Maggie reviews The Lady’s Guide to Celestial Mechanics by Olivia Waite

The Lady’s Guide to Celestial Mechanics by Olivia Waite

I was very excited when I got my copy of The Lady’s Guide to Celestial Mechanics by Olivia Waite. I wanted to read some romance, and I really hope that f/f regency continues to grow, because I love it. This book hit a lot of buttons for me, and I felt like every chapter brought even more delightful happenings.

The setup is that Lucy Muchelney had been assisting her father in astronomy for years, and had been taking over more and more of his math calculations and correspondence in the years leading up to his death. After his passing, Lucy seizes a chance and presents herself to Catherine St. Day, the Countess of Moth, as someone who can translate a groundbreaking new astronomy text. Catherine is a widow, coming out of a loveless and emotionally abusive marriage in which she was forced to put all her own interests to the side and babysit, as well as bankroll, her husband’s scientific ambitions. New to acting on her feelings towards women and wary of once again competing with science for someone’s attentions, Catherine nonetheless sets out to mentor Lucy into London’s polite scientific society. Lucy, in return, struggles to live up to Catherine’s project, navigate the close-minded Fellows who are determined to be the gatekeepers to scientific progress, and encourage Catherine to pursue her own creative ambitions. Together, they try to figure out how to fit themselves and their ambitions into society and build something permanent.

One of the great things about this book was the presence of multiple queer ladies! Not just the main characters! Not only is Lucy’s former lover, the infamous Pris, around casting shadows on Lucy’s current life, Lucy strongly implies that she and Pris were not the only ones in their school interested in some Sapphic exploration. Lucy also instantly connects with Aunt Kelmarsh, one of Catherine’s friends who is revealed to have been in a happy relationship with Catherine’s mother. This inter-generational queer connection is really great to see. Not only do Aunt Kelmarsh and Lucy’s schoolmates establish a covert culture of queer relationships that buoy and validate each other, Aunt Kelmarsh provides the knowledge that attitudes and lifestyles were different in her youth than in the present, setting Lucy and Catherine’s relationship into a greater history of women having relationships with each other. They know that they do not love in isolation, they know they aren’t the first to set up such an arrangement, and they know that such relationships happen no matter how society’s attitudes about them cycle around.

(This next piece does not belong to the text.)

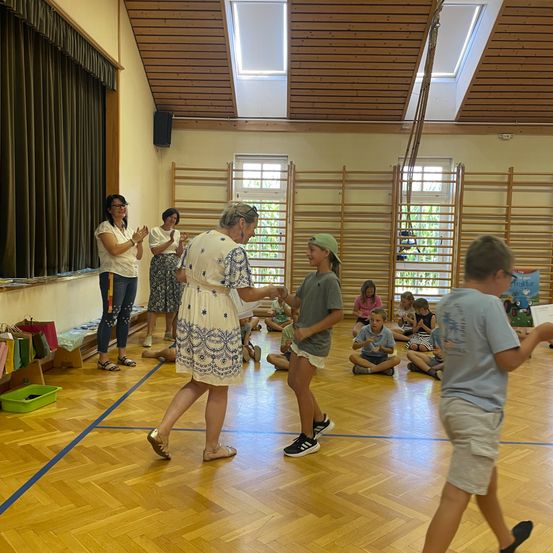Eine Gruppe von Kindern und Erwachsenen versammelt sich in einem Raum, einige sitzen auf dem Boden, andere stehen. Eine Frau in einem weißen Kleid klatscht.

Such a context makes it possible for us to have the dynamic where Lucy, the younger of the pair and from the rustic countryside, is the more experienced of the two in having relationships with other women. It’s all delightful, give me all the networks of ladies loving and supporting each other.

The other thing I love was the element of creating and creativeness. Throughout the book Catherine hones her embroidery talents, showing them not just to be fancy work in a sampler, but also practical in making and decorating clothes for Lucy. Astronomy may be a science, but Lucy not only has great scientific knowledge, but also shows great creativity in taking her project from a straight translation into a more accessible volume. The care and talent she puts into her writing is very touching. There is also their developing relationship with the publishing house they use for Lucy’s project. This book would be entertaining enough for just with two talented ladies practicing their crafts for each other, but at the end the author projects their prodigious talents to greater future heights and again connects them to other women doing the same.

I am fairly easy to entice with queer regency romance, but this book really lived up to the hype I had heard about it. Not only are there are the elements of a good regency romance you look for and enjoy, the book sells the romance between Lucy and Catherine while also expanding its focus, giving them a place in a wider queer and artistic world. Definitely give this book a read if romance is your genre.